Des chercheurs ont mis à l’essai la méthode SP dans le cadre de quatre études, allant de sondage à des diagnostics médicaux. Dans la première étude, on a posé des questions de type vrai ou faux à des étudiants sur la capitale des états américains, sur la probabilité que leur réponse soit bonne et sur le pourcentage de gens qui croiraient que c’est vrai. La méthode SP a réduit le nombre de décisions incorrectes de 48 pour cent relativement au vote majoritaire. La méthode était moins efficace dans des situations où les participants présentaient des niveaux d’expertise similaire. Par exemple, quand on a demandé à des dermatologues de diagnostiquer des lésions cutanées, il n’y avait pas d’écart important dans le groupe.

Seung et ses collègues reconnaissent la valeur et les limites de méthodes démocratiques comme celle de Galton.

« Les gens ne se limitent pas à énoncer leurs croyances réelles; ils peuvent aussi réfléchir à des croyances qui pourraient survenir dans des scénarios hypothétiques.
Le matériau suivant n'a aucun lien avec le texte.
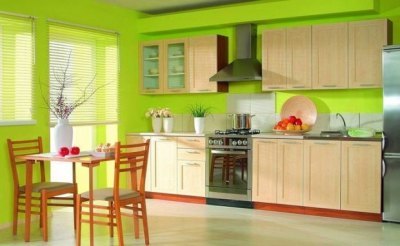 Kombinácia svetlozelenej farby v interiéri kuchyne s kontrastnými červenými detailmi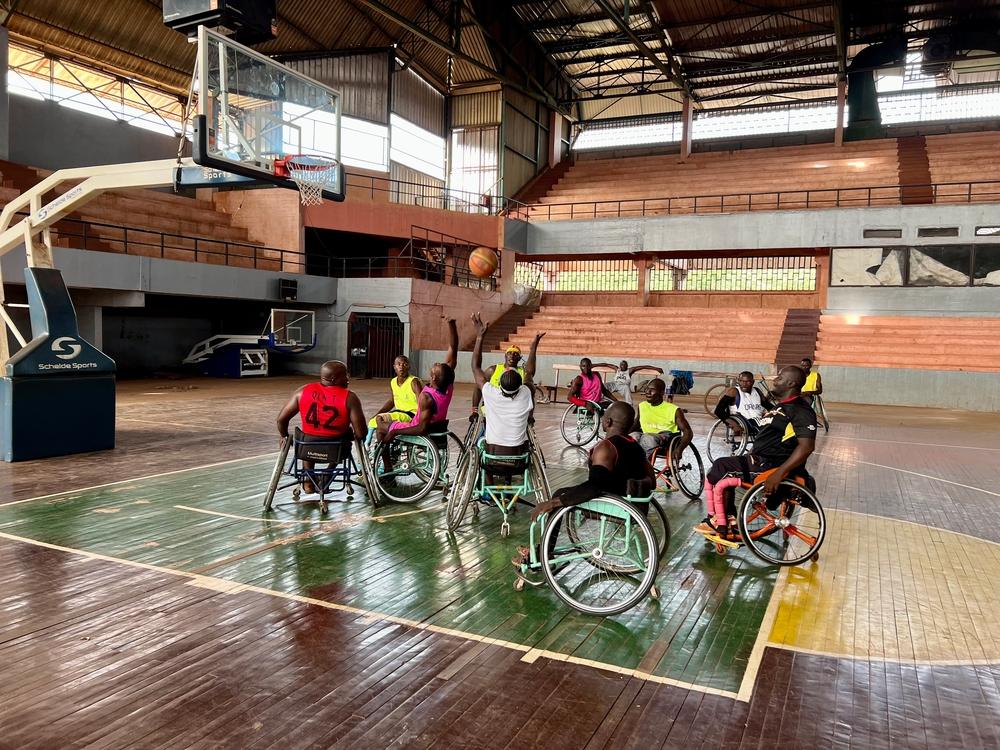Bienvenue (third from left) reaches for the ball during a game of basketball. After an accident in 2016, Bienvenue had his right leg amputated by an MSF surgical team at SICA hospital. He received medical care and physiotherapy treatment from MSF. “After my surgeries, I received physiotherapy... Playing sports allows us to release energy and strengthen our disabilities, helping us forget our past and current situations. I train five times a week, a routine I've maintained since 2017.” Bangui, Central Africa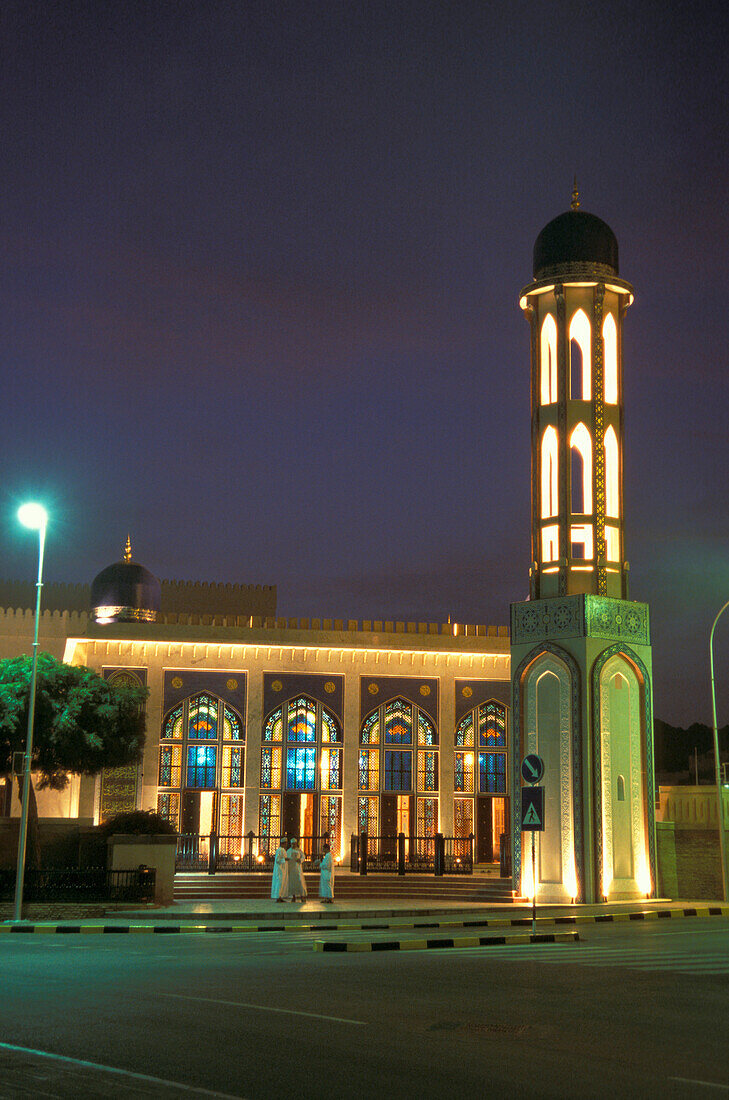 Menschen stehen nachts vor einer beleuchteten Moschee, Maskat, Oman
On peut exploiter de telles connaissances pour trouver la vérité, même quand des méthodes de vote traditionnelles échouent », écrivent les auteurs.

« Si des répondants ont suffisamment de données pour établir la bonne réponse, alors le principe de la popularité étonnante va extraire cette réponse; de façon plus générale, la méthode produira la meilleure réponse à la lumière des données disponibles. »


L’article « A solution to the single-question crowd wisdom problem » a été publié dans la revue Nature le 26 janvier. Les coauteurs sont Dražen Prelec et John McCoy du Massachusetts Institute of Technology.